====== THE DATA
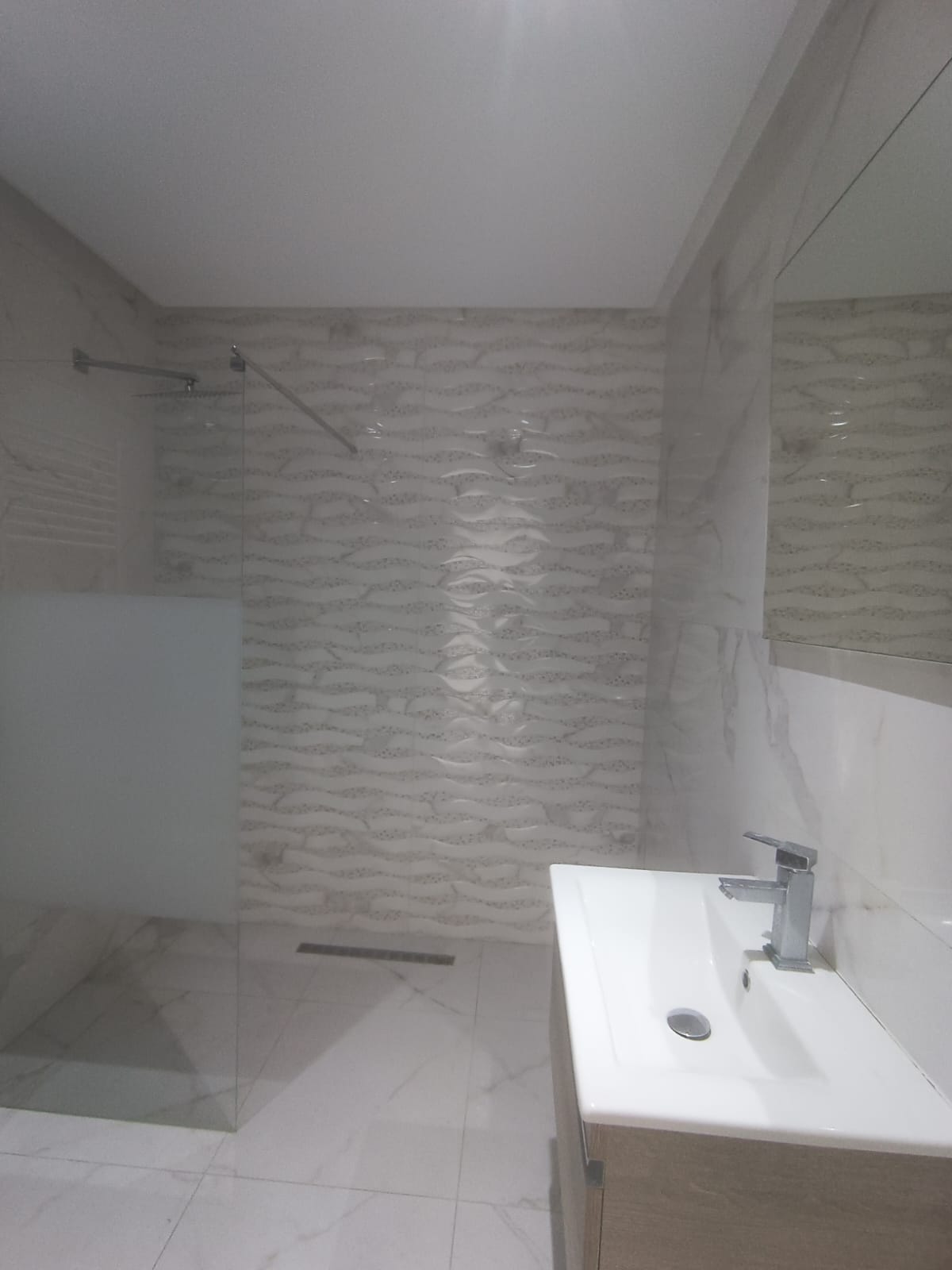 Ariana Ville&nbsp;Cite Ennasr 2&nbsp;Location&nbsp;Appart. 2 pi�ces&nbsp;Ennasr s1 neuf haut standing � cot� slim school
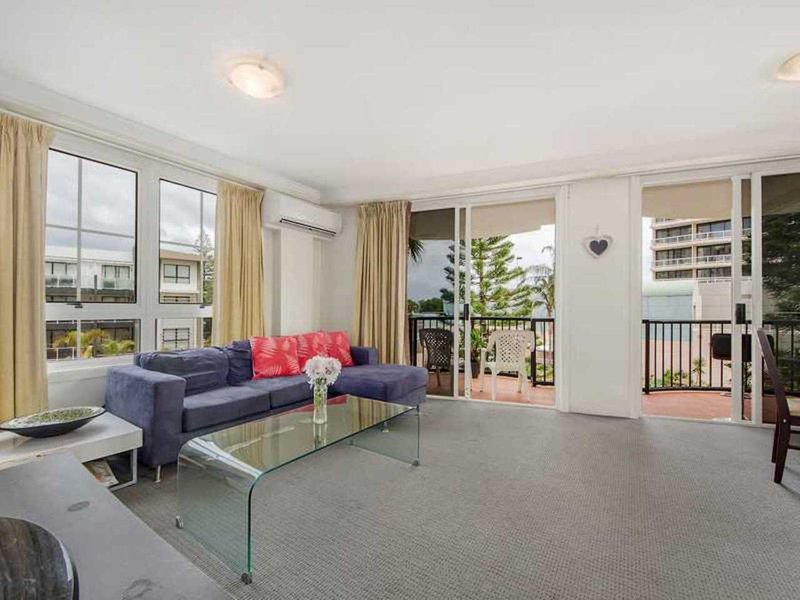 Photo - Apartment 316/9 Beach Parade, Surfers Paradise QLD 4217 - Image 2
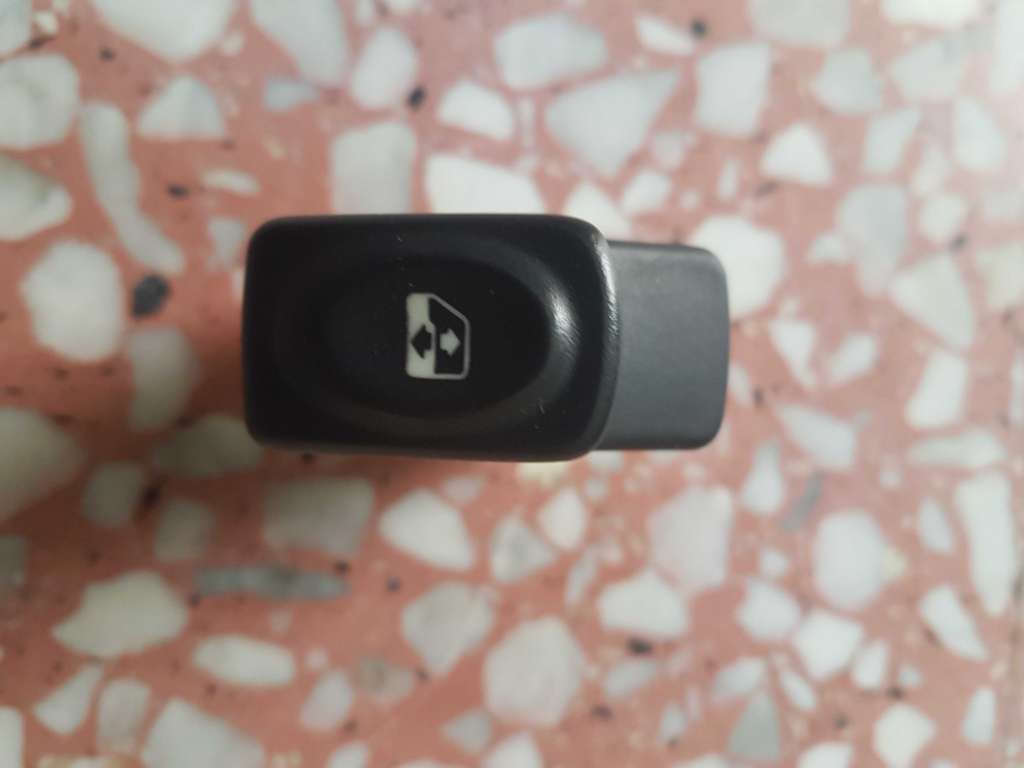 Bouton  Renault Clio dorigine 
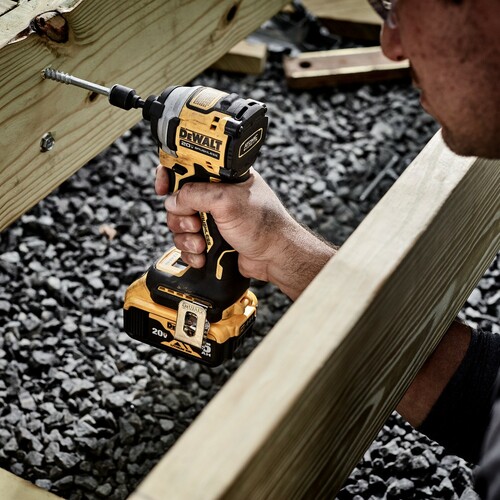 Zakrętarka udarowa bit 1/4 208Nm + walizka + 2x1,7Ah POWERSTACK + ładowarka DeWALT DCF850E2T 8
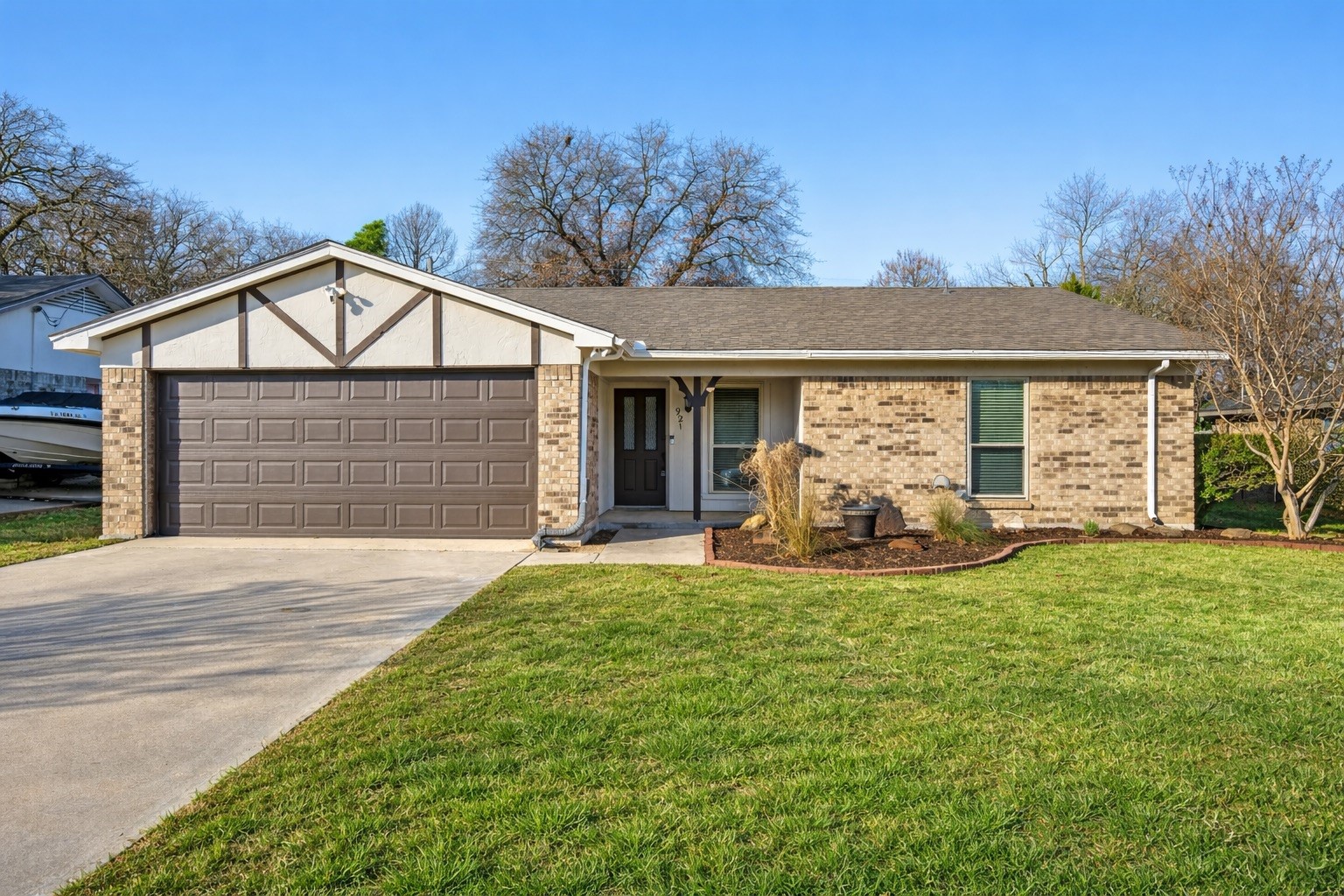 921 Red Oak Street Azle TX 76020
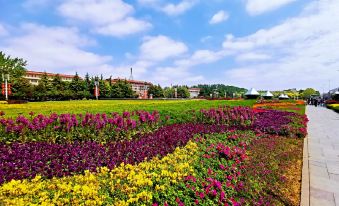 Vienna Zhihao Hotel (Qingdao Chengyang District Zhengyang Middle Road Subway Station)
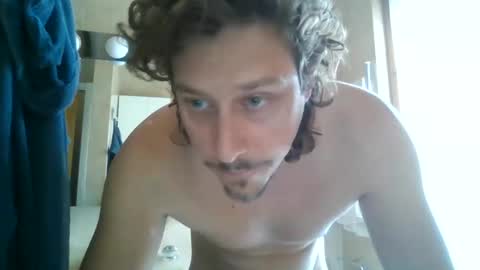 gabriele_manzoni online show from June 7, 2026, 2:32 pm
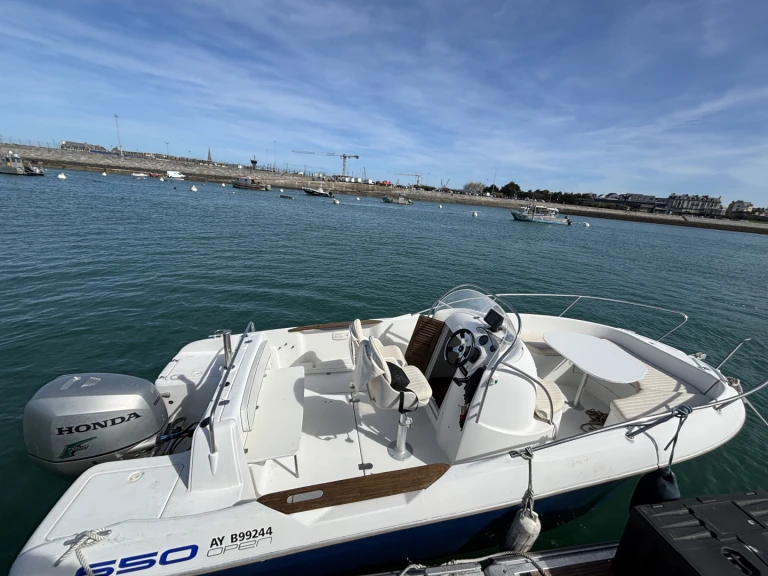 Bénéteau Flyer 6.5 jednotlivci a charterové společnosti v Saint-Malo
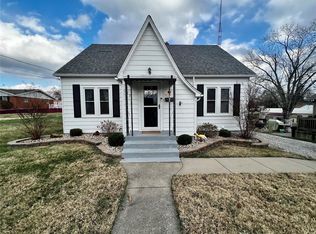 223 S West St, Perryville, MO 63775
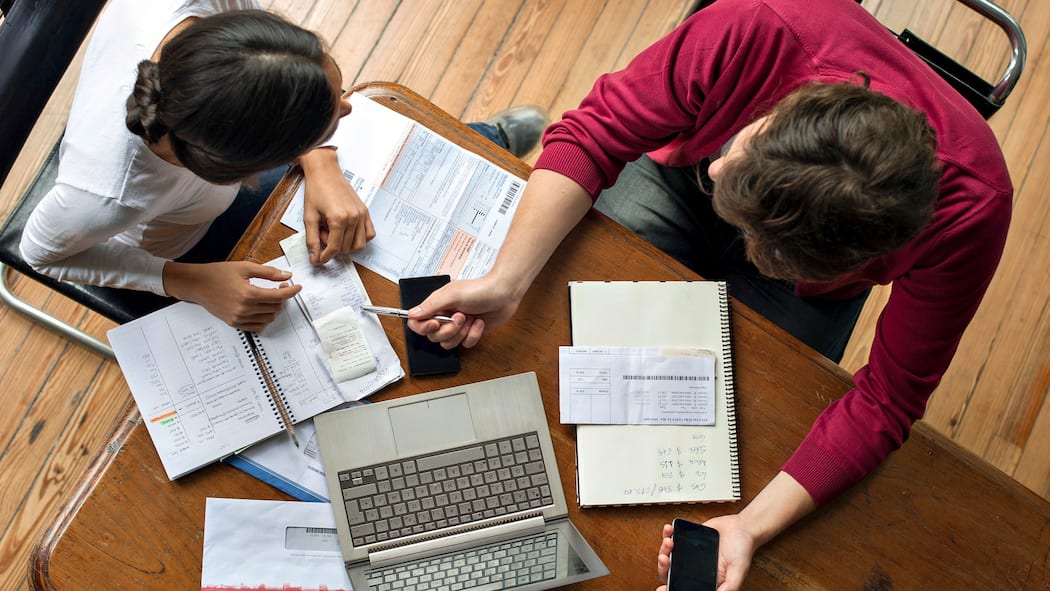 Ehepartner verschuldet – muss ich seine Steuern zahlen? Ehepartner kann Steuern nicht zahlen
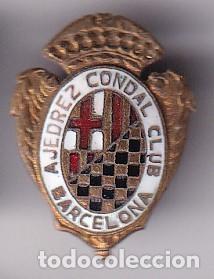 Collection pins: ANTIGUA INSIGNIA DE OJAL ESMALTADO DEL CLUB DE AJEDREZ CONDAL DE BARCELONA (CHESS)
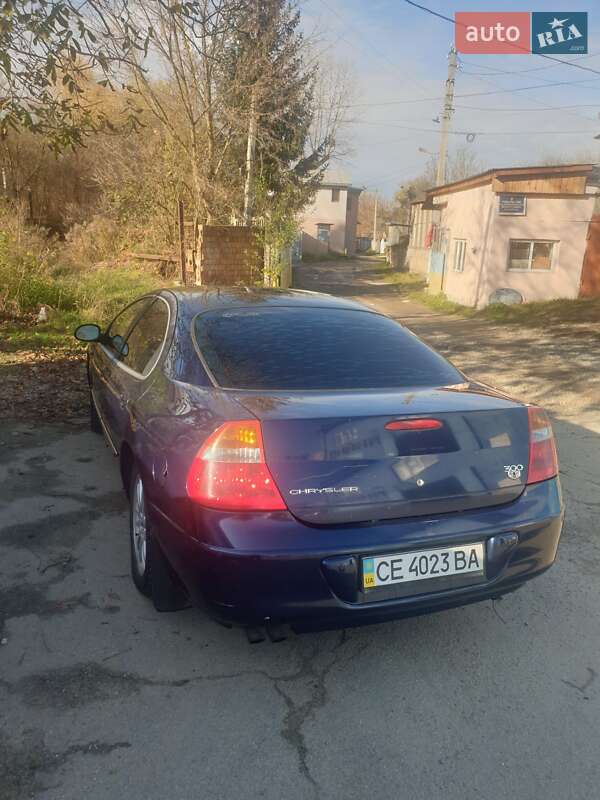 Седан Chrysler 300M 2003 в Чернівцях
============
== EXERCISE BRIEF ==
Print exactly the line containing "Collection pins: ANTIGUA" and every line after it through the final line above, and leave all pictures out.

== PROBLEM SOLUTION ==
 Collection pins: ANTIGUA INSIGNIA DE OJAL ESMALTADO DEL CLUB DE AJEDREZ CONDAL DE BARCELONA (CHESS)
 Седан Chrysler 300M 2003 в Чернівцях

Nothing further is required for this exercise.